Three former executives at collapsed construction firm Carillion each face six-figure fines for market abuse for “recklessly” making misleadingly positive and inaccurate statements about the company’s financial health despite knowing it was in trouble.

The U.K. Financial Conduct Authority (FCA) on Thursday announced its decision to fine former Chief Executive Richard Howson 397,800 pounds (U.S. $483,000) and former finance directors Richard Adam and Zafar Khan £318,000 (U.S. $386,000) and £154,400 (U.S. $187,000), respectively.

The decision notices are provisional, as all three former directors have referred their cases to the Upper Tribunal, which handles appeals for sanctions issued by the FCA and other financial regulators.

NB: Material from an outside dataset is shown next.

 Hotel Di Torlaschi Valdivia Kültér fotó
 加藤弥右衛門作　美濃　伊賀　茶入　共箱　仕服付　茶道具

There is no deadline or timeframe for when a final decision might be reached.

The FCA said it would have also fined Carillion £37,910,000 (U.S. $46 million) if it had not already gone bust.

The FCA said Howson, Adam, and Khan “were each aware of the deteriorating expected financial performance within Carillion’s U.K. construction business and the increasing financial risks associated with it.”

It added the trio “failed to ensure that those Carillion announcements for which they were responsible accurately and fully reflected these matters” and that “[d]espite their awareness of these deteriorations and increasing risks, they also failed to make the board and the audit committee aware of them, resulting in a lack of proper oversight.”

The regulator said Carillion “recklessly” published announcements in December 2016, March 2017, and May 2017 that were “misleading and did not accurately or fully disclose” the company’s true financial performance or exposure to risks.

In January 2018, Carillion collapsed with £7 billion (U.S. $8.5 billion) in debts, becoming one of Britain’s biggest corporate governance failures.

“Carillion failed to take reasonable steps to establish and maintain adequate procedures, systems, and controls to enable it to comply with its obligations under the listing rules,” stated Mark Steward, the FCA’s executive director of enforcement and market oversight. “As a result, its true financial position remained hidden over many months and the effects of its collapse were aggravated, causing substantial harm to shareholders and creditors.”

Given the furor over the collapse of Carillion; the cost to the U.K. taxpayer; the time taken to impose sanctions; and the subsequent impact on corporate governance and auditing, both of which have undergone significant reviews and apparent reform in the country, the fines are relatively low.

On Monday, KPMG was fined £14.4 million pounds (then-U.S. $17.4 million) and severely reprimanded for providing false and misleading information relating to its audits of Carillion and software business Regenersis.